Sanremo non è stata mai una sua ambizione e se quest’anno Willie Peyote fa parte del gioco è perché «l’Ariston è l’unico palco che suona in questa prima parte dell’anno. Altrimenti sarei in tour». Quel tour che ha dovuto sospendere un anno fa e che spera di riavviare quando sarà dato il semaforo verde ai concerti. Perché lui fa parte di quella consistente fetta di “giovani affamati”, precari della musica che vivono mangiando chilometri e palchi, costretti a digiunare dal lockdown. «È stato prediletto di mandare avanti la grande industria calcistica come quella televisiva, mentre gli aspetti più prettamente culturali o di condivisione che anche lo sport porta avanti non sono stati presi in considerazione. Io non lavoro da un anno, ho amici musicisti che sono dovuti andare a lavorare da Amazon o al Carrefour», contesta. «Mi ha stupito molto che il premier Draghi abbia confermato il confusionario Franceschini al ministero dello Spettacolo.
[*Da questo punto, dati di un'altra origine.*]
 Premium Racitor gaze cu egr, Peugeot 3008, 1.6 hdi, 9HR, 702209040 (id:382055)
Si parlava di un cambio di rotta totale, in realtà ha confermato Franceschini ed ha riesumato Brunetta. Secondo me, c’è gran confusione da parte di tutti. Le istituzioni navigano a vista, anche nella campagna vaccinale. È comprensibile che nel campo della cultura Franceschini abbia fatto confusione, l’hanno fatta tutti».
Il Festival, secondo il Peyote, avrebbe potuto davvero rappresentare la ripartenza. «Nel momento in cui le persone sono controllate all’ingresso, mascherinate, distanziate, io credo che il teatro non sia più pericoloso di un ristorante dove la bocca non ce l’hai coperta», sostiene. «Quello che mi dispiace è che non ci sia messi a un tavolo per studiare un modo per rendere il Festival l’effettivo laboratorio della ripartenza. Secondo me si possono riaprire i teatri».
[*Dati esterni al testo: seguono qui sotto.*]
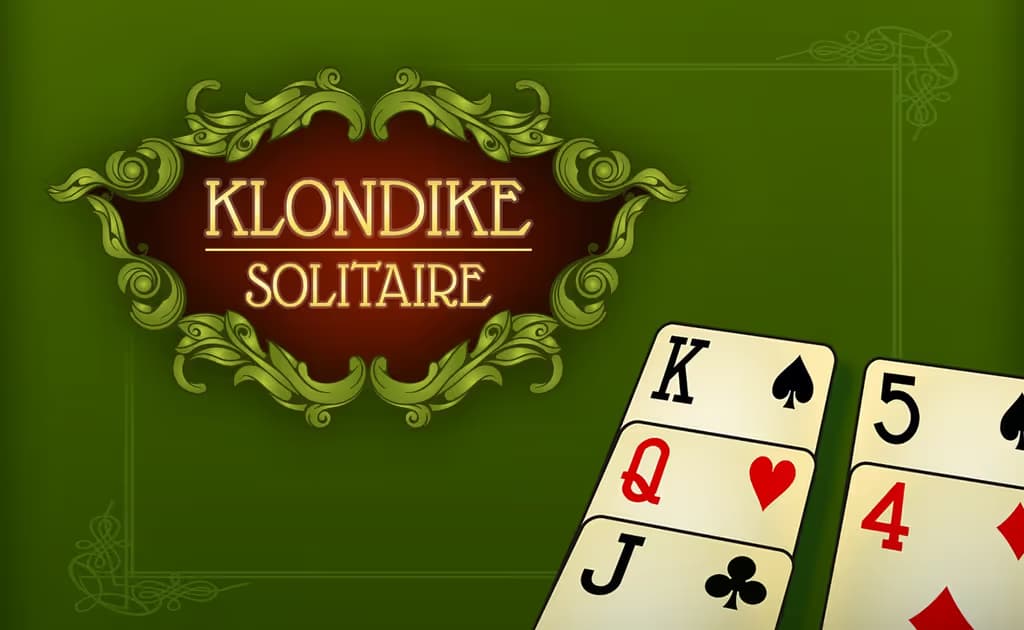 Klondike Solitaire Cards logo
Il combattivo “grillo parlante”, come si autodefinisce, nella serata di giovedì, quella dei duetti e delle cover, scenderà dalle barricate per parlare, anche lui, d’amore. Ma, ad alti livelli. Con Giudizi universali, canzone-capolavoro di Samuele Bersani che ha accettato di accompagnarlo sul palco. «È una delle mie preferite. Mi mette più in soggezione cantare con Samuele piuttosto che il Festival stesso», confessa il torinese, annunciando di aver lasciato il brano nella stesura originale, per rispetto dell’autore.